Однажды он объявил, что уезжает в командировку на несколько дней. Прощайте, обеды наверху, мерзкие гадости, комната-голгофа — меня ждут несколько дней покоя. Но здравствуйте, печенье «Ник-Нак», гигиеническое ведро и банки дрянных консервов. Я отметила его отъезд в календаре: «Уехал». Когда он возвращался, я писала одну букву «В». Кажется, он уехал на пять дней.
Вдруг я оказалась в кромешной тьме! Не было света, не было вентилятора, не было обогревателя. Я была в полной темноте, как в могиле. Меня охватила паника. Я перевернула все вверх дном. Я пробовала вкручивать и выкручивать лампочки, выключатель не работал. Я больше не слышала шума вентилятора. Очевидно, произошла какая-то поломка на линии, и я задыхалась без воздуха, а главное, меня душил страх. Он предупреждал, чтобы я не шумела в своем тайнике, ведь кто угодно мог войти в дом и меня услышать. Но в тот момент мне было все равно. Я принялась звать его, но, вероятно, он уже ушел из дома.
«Я в темноте, мне плохо, я ничего не вижу, я обо все стукаюсь, мне не хватает воздуха!»
Никакого ответа. Я заорала еще сильнее: «Здесь нет света! Нет электричества! Спуститесь сюда!»
Видя, что никто не приходит, я немного успокоилась. К счастью, свет скоро дали, иначе я бы просто сошла с ума, проведя несколько часов в кромешной тьме и без воздуха. Но в этот раз я разозлилась, мне так осточертела эта крысиная нора. И я сказала себе: «Я убегу!»
Я придумала, что делать, но я не была слишком крепкой для этого. Я села спиной к двухсоткилограммовой двери, упираясь ногами в штабель коробок и в этот лежащий на полу хлам, я толкала дверь, чтобы привести в действие систему рельсов над моей головой. Я упиралась спиной изо всех сил моих тридцати трех килограммов, максимально изогнув тело. Мне удалось приоткрыть дверь на несколько сантиметров, но я уже была без сил, и мне надо было передохнуть. Мне не хватало упора, картонные коробки были неустойчивы, когда я в них упиралась ногами, нужна была более прочная опора.

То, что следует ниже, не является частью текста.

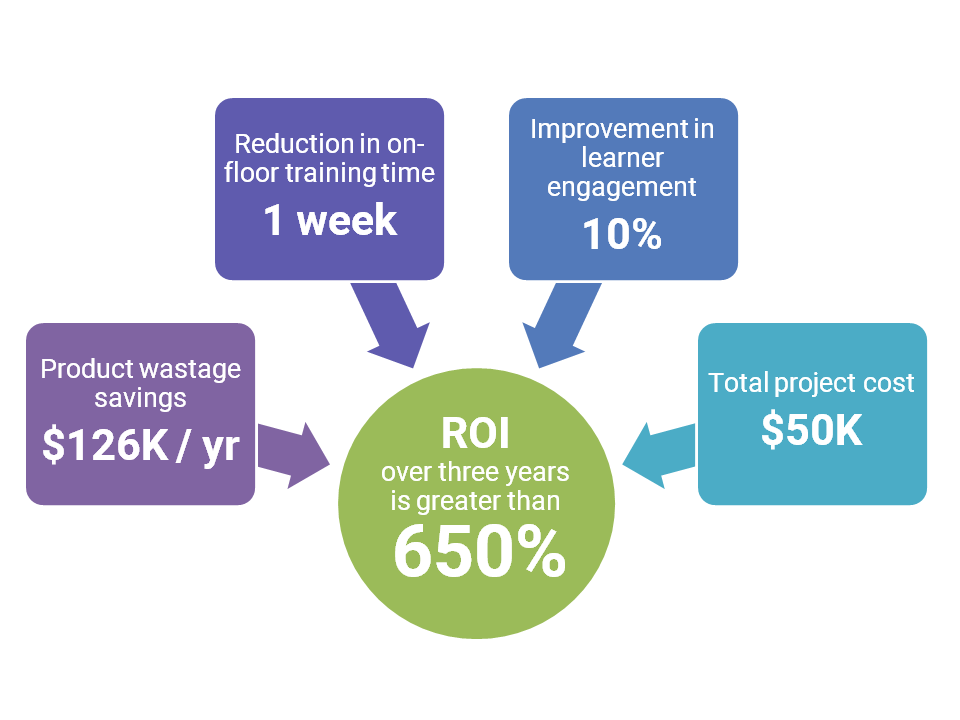 shaw_roi onboarding program ROI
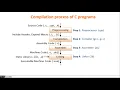 15 1 - Compilation Process of a C Program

Я выпила воды и принялась снова за свою работу. В том же положении я опять стала толкать дверь, чтобы подвинуть еще эти двести кило бетона. И вдруг вся эта конструкция ломается. Там было два рельса с подшипниками, по которым дверь скользила, и железная балка, служившая противовесом, укрепленная снизу двери. Вот она-то и упала. И я не могла поставить ее на место, потому что у меня не хватало сил. Дверь в тайник так и осталась приоткрытой. Лишь пять минут у меня была надежда. Но я не могла ни закрыть ее, ни открыть пошире. И внизу я не могла пролезть, потому что щель была всего несколько сантиметров…
Снаружи можно было схватиться, чтобы манипулировать дверью, он брался за железный стеллаж, но изнутри был только бетон. Я не могла поставить дверь на место, а значит, не могла сказать, что я ее не трогала! Поэтому я затаилась в своем пенале, среди желтых стен, на своем матрасе, и пыталась читать, опять взялась за свои учебники, чтобы выглядеть «маленькой послушной девочкой, которая не сделала ничего плохого». Я не могла найти аргументов, оправдывающих мою попытку. Но я старалась заранее настроить себя в ожидании наказания, жестокости которого я не представляла. Я думала: «Он убьет меня».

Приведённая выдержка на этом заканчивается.